Those facts which are not subject to dispute may be summarized as follows: At some time prior to May of 1966, PGW decided to build an LNG plant at its facility located at 3100 East Venango Street, Philadelphia. Bids were invited, and Pritchard was selected as the general contractor. Among the provisions of the construction contract was a requirement that Pritchard procure installation floater insurance coverage, naming PGW as an insured. 1 Pritchard had carried such insurance with St. Paul continuously since 1954; the policy provided for inclusion of new construction projects such as the PGW LNG plant within its coverage, subject only to Pritchard reporting the costs of the improvements it had contracted to make to St. Paul for purposes of premium computation. Construction of the plant began, and by the *782 summer of 1969 had progressed to the stage at which the pressure and mechanical tests mandated by the contract could be conducted. The date of initial operation was August 13, 1969. On October 24, 1969, prior to the commencement of the performance tests called for by the contract, a fire occurred in the LNG plant, causing a loss alleged to total $428,002.55.

PGW notified St. Paul of the loss; St. Paul, however, refused payment, asserting that the coverage under the installation floater policy issued to Pritchard had terminated prior to the occurrence of the fire. PGW subsequently filed a claim with Reliance under an excess policy of insurance issued to PGW, and the claim was paid, less the $100,000.00 deductible in the policy. PGW and Reliance thereafter instituted the present action in this Court against St. Paul and Pritchard, averring that St. Paul wrongfully denied coverage under the installation floater policy, and should have responded to the full extent of the loss, or, in the alternative, that Pritchard was in breach of its contractual obligation to procure such insurance coverage, and was therefore liable for the entire loss, if in fact the St. Paul policy was not in force at the time of the fire.

After a pretrial conference attended by the parties, the Court issued an Order dated July 24, 1973, directing that they embark upon an initial round of discovery limited to the sole issue of the insurance coverage, if any, which existed at the time of the fire. 2 At the conclusion of this phase of discovery plaintiffs filed their motions for summary judgment against St. Paul on the issue of the coverage of the installation floater policy and against Pritchard on the issue of breach of its contractual obligation to procure such insurance. Pritchard joined in the motion against St. Paul.

Oral argument was heard, and extensive memoranda, depositions, and exhibits were filed. After consideration of all of these materials, we have concluded that the legal principles which govern the grant or denial of summary judgment dictate refusal of the motion at this stage of the litigation because of the existence of material factual disputes.
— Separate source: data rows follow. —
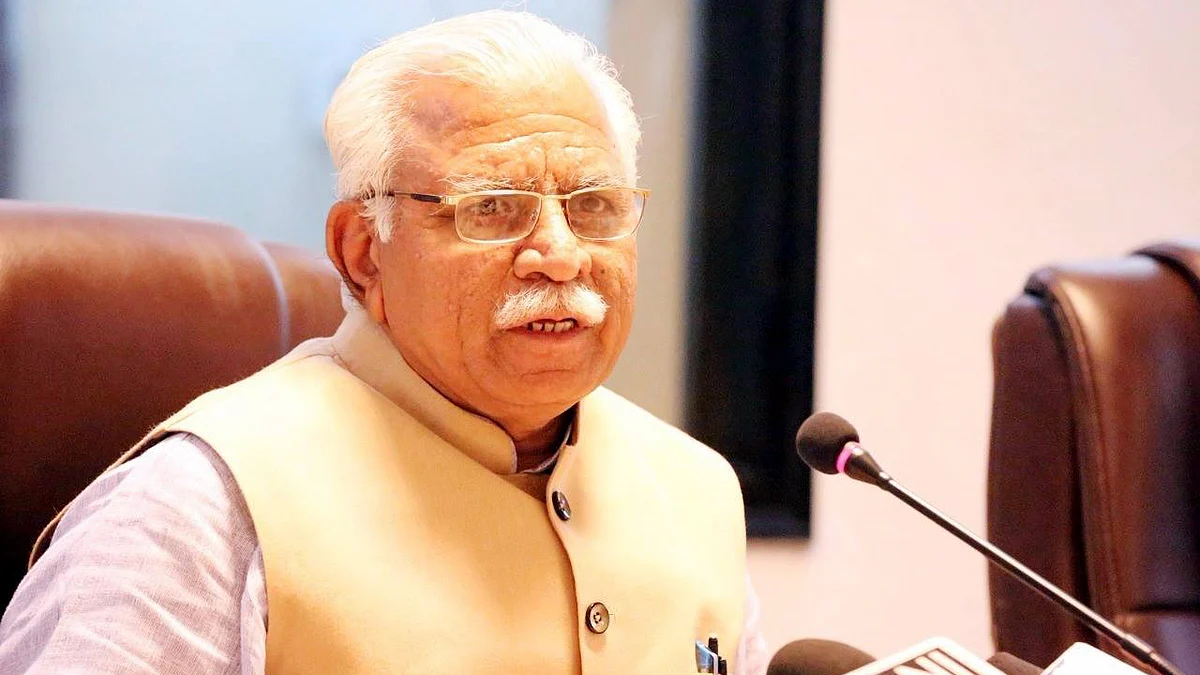 Haryana CM Manohar Lal Khattar (Photo Courtesy: Facebook/Official Facebook page of Shri Manohar Lal Khattar)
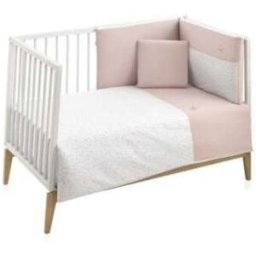 Juego 2 Pcs.F.Nordica Cuna 70 Plumeti Rosa 110x170x3cm Cambrass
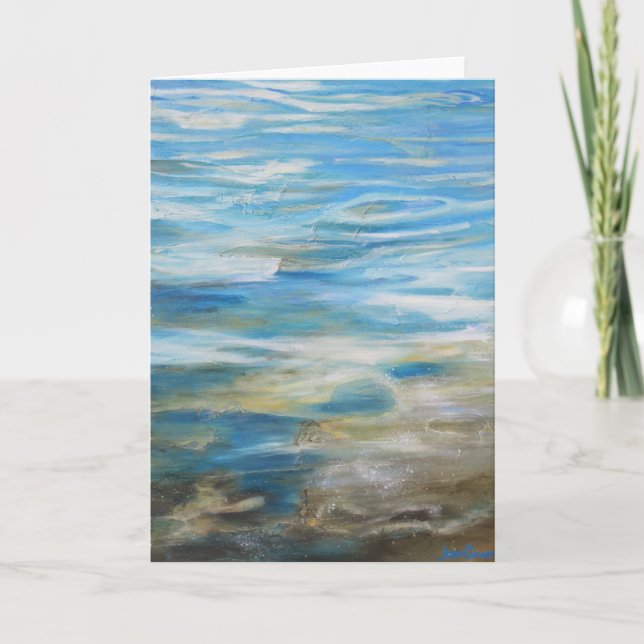 "Summertime Blues" - Greeting Card (Front)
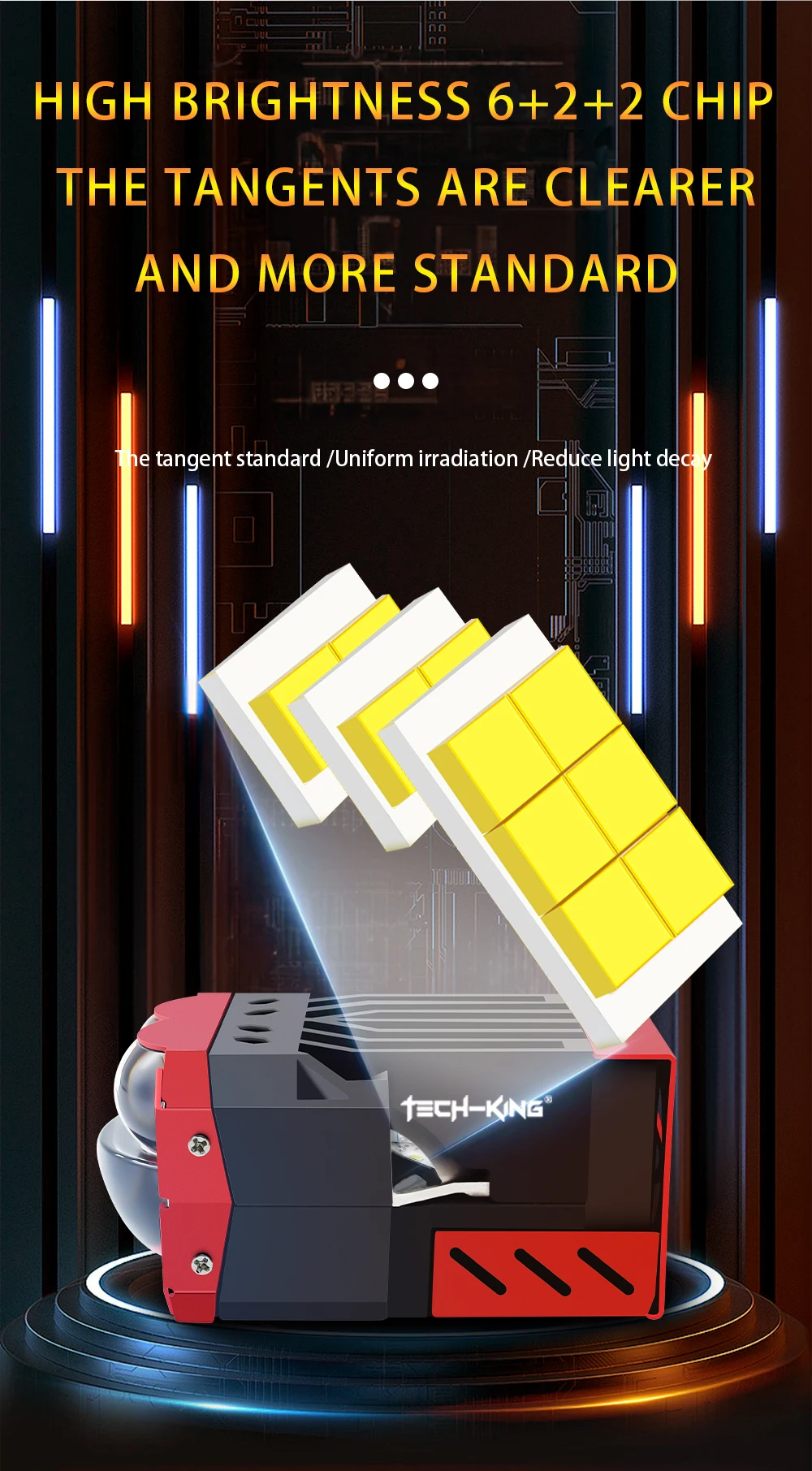 Car Headlight 6000K 1.5 Inch Dual Laser matrix Bi Led Lens Flat Cut off Compatible With Headlights Retrofit Projector Headlights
Our threshold examination focuses upon the pertinent provisions of the installation floater policy which Pritchard secured from St. Paul as of May 1, 1954, (Policy No. AT10-4040), as modified by the specific endorsement to cover the LNG plant and to include PGW as an additional named insured. Paragraphs 5 and 7 thereof, dealing with insurable interest and period of coverage on location, provide as follows:

5. INTEREST
Covering on all materials, equipment, machinery and appurtenances and other property of any nature whatsoever, shipped by or for the assured or for which the assured may have an interest or responsibility or which the assured may be liable or assumes liability prior to loss or damage including the value of labor performed in erection or installation.
7. COVERAGE ON LOCATION
This insurance covers from the time property passes out of custody of carriers (as specified in paragraph 6) at place of erection or installation and continuously thereafter while being erected or installed, until erection or installation as contracted or agreed by the assured has been completed or tested and accepted by the purchaser.

The crucial clause of the policy in connection with the issue now before us is found in jj 7, which calls for coverage “until erection or installation as contracted or agreed by the assured has been completed or tested and accepted by the purchaser.” Resolution of the dispute among the parties turns upon a de *783 termination of the fact of completion of the plant as that term is defined under ff 7 of the policy at the time of the fire on October 24, 1969. 3

St. Paul raises a preliminary question pertaining to the choice of law governing the interpretation of the installation floater policy. It asserts that the law of Missouri, the state in which the original 1954 policy was delivered, differs in significant particulars from the law of Pennsylvania, principally with respect to judicial interpretation of the term “completion”.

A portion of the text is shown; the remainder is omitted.